### Data to use:

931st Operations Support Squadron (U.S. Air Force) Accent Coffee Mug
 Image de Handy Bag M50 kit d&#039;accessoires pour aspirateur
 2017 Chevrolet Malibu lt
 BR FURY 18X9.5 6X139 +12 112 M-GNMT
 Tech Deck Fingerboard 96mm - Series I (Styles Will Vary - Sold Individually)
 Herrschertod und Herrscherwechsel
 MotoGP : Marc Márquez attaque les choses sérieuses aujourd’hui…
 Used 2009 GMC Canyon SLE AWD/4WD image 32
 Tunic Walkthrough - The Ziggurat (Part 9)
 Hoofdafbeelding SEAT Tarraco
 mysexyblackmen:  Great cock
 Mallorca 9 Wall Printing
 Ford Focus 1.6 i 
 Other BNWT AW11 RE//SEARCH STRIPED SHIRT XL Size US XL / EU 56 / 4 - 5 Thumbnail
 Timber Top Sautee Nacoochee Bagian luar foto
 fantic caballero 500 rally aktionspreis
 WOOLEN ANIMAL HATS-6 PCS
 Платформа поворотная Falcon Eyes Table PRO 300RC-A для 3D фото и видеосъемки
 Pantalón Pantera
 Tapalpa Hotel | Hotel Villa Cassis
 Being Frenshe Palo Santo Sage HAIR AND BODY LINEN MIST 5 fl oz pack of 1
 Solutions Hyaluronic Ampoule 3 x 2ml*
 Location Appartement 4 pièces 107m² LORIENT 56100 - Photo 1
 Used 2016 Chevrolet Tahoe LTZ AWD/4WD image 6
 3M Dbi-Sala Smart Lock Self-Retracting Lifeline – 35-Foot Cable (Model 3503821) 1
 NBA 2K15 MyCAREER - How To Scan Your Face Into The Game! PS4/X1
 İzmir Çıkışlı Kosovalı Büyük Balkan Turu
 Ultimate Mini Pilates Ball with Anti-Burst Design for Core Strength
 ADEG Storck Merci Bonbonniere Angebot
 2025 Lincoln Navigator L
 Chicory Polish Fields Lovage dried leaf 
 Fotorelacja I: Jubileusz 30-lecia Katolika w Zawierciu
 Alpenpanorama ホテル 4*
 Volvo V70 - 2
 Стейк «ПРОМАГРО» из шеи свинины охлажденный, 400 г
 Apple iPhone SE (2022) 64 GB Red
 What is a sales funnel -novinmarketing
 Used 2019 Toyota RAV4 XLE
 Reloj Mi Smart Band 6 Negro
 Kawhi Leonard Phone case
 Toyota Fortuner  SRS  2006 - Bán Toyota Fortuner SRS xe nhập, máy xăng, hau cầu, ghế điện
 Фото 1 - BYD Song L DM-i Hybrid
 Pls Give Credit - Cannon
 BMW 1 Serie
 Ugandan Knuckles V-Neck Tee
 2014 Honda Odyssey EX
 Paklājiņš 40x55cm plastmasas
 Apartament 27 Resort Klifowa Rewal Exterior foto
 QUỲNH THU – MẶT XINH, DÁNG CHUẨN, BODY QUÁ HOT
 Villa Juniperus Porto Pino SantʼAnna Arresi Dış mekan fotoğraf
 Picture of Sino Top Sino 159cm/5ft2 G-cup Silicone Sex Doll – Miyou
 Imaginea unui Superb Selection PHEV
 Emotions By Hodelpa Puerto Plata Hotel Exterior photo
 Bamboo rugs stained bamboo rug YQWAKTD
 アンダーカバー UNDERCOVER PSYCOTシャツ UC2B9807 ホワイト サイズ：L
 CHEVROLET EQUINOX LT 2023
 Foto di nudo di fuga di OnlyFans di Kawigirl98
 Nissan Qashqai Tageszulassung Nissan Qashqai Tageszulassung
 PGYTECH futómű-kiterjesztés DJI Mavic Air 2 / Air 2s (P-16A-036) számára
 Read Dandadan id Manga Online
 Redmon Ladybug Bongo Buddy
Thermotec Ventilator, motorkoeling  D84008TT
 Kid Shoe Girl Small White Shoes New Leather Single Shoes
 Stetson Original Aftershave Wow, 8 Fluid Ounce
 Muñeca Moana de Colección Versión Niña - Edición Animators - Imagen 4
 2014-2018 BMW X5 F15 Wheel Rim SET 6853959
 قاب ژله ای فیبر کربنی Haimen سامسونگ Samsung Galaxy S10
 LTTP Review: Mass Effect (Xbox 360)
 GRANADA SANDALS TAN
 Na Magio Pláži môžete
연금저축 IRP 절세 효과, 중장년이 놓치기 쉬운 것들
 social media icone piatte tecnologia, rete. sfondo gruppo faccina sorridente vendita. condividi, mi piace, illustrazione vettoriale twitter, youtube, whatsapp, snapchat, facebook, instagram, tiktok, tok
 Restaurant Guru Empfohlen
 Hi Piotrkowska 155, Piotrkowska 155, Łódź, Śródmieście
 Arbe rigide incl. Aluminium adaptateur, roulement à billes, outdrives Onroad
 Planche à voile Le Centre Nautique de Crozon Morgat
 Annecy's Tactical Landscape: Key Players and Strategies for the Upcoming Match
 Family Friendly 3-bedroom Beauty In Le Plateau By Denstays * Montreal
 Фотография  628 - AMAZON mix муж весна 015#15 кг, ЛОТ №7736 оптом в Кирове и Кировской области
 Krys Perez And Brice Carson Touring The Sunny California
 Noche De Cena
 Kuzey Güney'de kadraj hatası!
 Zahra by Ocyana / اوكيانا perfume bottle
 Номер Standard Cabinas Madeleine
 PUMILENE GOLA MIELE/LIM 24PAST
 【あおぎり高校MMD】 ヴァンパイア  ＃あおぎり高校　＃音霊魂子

### Exercise requirements:
Given the records above, restate word for word only the lines starting at the one with "3M Dbi-Sala Smart" and ending at the one with "Apple iPhone SE (2022) 64 GB Red".

### Response below:
 3M Dbi-Sala Smart Lock Self-Retracting Lifeline – 35-Foot Cable (Model 3503821) 1
 NBA 2K15 MyCAREER - How To Scan Your Face Into The Game! PS4/X1
 İzmir Çıkışlı Kosovalı Büyük Balkan Turu
 Ultimate Mini Pilates Ball with Anti-Burst Design for Core Strength
 ADEG Storck Merci Bonbonniere Angebot
 2025 Lincoln Navigator L
 Chicory Polish Fields Lovage dried leaf 
 Fotorelacja I: Jubileusz 30-lecia Katolika w Zawierciu
 Alpenpanorama ホテル 4*
 Volvo V70 - 2
 Стейк «ПРОМАГРО» из шеи свинины охлажденный, 400 г
 Apple iPhone SE (2022) 64 GB Red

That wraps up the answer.